HL Deb 26 July 1860 vol 160 cc180-1

House in Committee (according to Order).


said, he entertained grave objections to the additional speeches which it was proposed to allow to counsel. The occasions he thought must be of rare occurrence where the effect could be beneficial, while a great waste of time must necessarily ensue. He therefore begged to move the insertion of the words "if the said Judge shall think the Evidence requires to be commented on."


said, he by no means approved the proposed Amendment, but, remembering that the 12th of August was near at hand, that other things betokened the approach of the end of the Session, and that both in that House and elsewhere the formidable body of Chairmen of Quarter Sessions was largely represented, and that the insertion of such a clause would facilitate the passing of the Bill, he was disposed to waive his private opinion and to consent to the noble and learned Lord's proposal, in the belief that he was thereby improving the administration of criminal justice.

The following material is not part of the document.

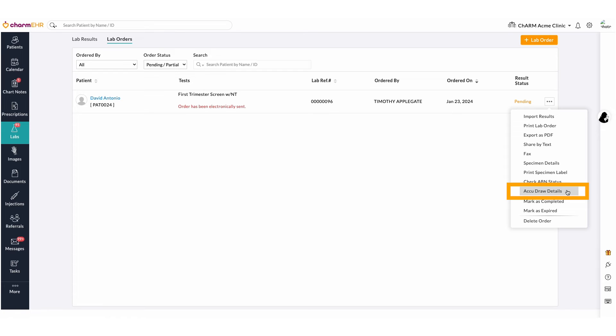The AccuDraw details option is used to know how the specimen needs to be collected. A LabCorp AccuDraw service provides the client with on-screen visual cues along with specimen collection instructions to help ensure accuracy and precision.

said, he thought it was casting on the Judge a very invidious duty, and one which in most cases he would be slow in undertaking, to require him to decide whether a particular speech ought or ought not to be made.


said, the Bill would operate unfairly in the case of a prisoner who was undefended by counsel, but who called witnesses in his own behalf. The prosecutor would thereby be entitled to a speech in reply, in addition to that made in opening the case, although no one had addressed the jury for the defence. In cases where there were more prisoners than one, only one having obtained the benefit of legal assistance, the injustice would be even more apparent.


said, it very rarely happened that prisoners who were undefended by counsel produced witnesses in their own behalf. In nine cases out of ten no evidence whatever was given for the defence, and therefore there would be very few cases to which the objection would apply.

Amendments made: The Report thereof to be received To-morrow.